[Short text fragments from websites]
--- START ---

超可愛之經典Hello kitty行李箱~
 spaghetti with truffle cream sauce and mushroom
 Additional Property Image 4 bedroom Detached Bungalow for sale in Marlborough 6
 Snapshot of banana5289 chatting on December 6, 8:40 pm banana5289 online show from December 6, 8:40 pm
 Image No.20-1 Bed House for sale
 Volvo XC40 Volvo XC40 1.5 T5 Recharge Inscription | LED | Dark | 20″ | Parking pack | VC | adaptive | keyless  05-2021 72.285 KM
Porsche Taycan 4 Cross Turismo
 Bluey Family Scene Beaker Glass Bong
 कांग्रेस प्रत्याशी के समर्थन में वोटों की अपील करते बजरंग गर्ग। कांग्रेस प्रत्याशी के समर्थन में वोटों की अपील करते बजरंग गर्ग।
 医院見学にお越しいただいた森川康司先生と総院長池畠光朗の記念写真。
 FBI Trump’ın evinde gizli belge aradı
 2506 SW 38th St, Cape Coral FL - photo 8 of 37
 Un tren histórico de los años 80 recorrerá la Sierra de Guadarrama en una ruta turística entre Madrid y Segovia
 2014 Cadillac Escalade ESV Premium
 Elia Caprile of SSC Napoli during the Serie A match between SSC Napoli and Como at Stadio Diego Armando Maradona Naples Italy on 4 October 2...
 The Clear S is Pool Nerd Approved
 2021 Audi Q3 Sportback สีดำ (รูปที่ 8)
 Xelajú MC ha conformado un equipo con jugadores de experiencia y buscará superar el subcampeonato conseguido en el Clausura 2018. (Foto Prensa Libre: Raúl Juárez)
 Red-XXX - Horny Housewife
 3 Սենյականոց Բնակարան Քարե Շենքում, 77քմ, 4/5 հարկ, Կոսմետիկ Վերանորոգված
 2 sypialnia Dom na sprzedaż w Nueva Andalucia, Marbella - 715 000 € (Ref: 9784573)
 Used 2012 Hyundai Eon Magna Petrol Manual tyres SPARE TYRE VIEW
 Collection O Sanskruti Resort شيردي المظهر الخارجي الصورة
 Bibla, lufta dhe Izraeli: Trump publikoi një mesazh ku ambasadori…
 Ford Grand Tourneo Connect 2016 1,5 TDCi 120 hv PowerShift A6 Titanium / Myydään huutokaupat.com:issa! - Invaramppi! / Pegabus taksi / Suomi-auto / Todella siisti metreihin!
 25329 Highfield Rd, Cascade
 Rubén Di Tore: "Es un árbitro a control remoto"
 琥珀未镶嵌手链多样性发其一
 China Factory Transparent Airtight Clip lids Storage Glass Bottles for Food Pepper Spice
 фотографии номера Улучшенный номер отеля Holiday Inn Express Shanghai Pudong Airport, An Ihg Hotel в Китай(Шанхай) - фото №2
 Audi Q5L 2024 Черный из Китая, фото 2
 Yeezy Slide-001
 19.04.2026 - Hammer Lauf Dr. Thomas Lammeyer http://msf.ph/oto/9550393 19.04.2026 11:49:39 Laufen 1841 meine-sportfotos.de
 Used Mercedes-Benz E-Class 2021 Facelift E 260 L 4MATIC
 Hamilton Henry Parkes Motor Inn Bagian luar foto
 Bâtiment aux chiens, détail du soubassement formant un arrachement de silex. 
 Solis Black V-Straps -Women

--- END ---

» What you should do
Please transcribe the data above without changes, from its first line to its "Image No.20-1 Bed House for sale" line, and leave out anything past that.

» Output of the task
超可愛之經典Hello kitty行李箱~
 spaghetti with truffle cream sauce and mushroom
 Additional Property Image 4 bedroom Detached Bungalow for sale in Marlborough 6
 Snapshot of banana5289 chatting on December 6, 8:40 pm banana5289 online show from December 6, 8:40 pm
 Image No.20-1 Bed House for sale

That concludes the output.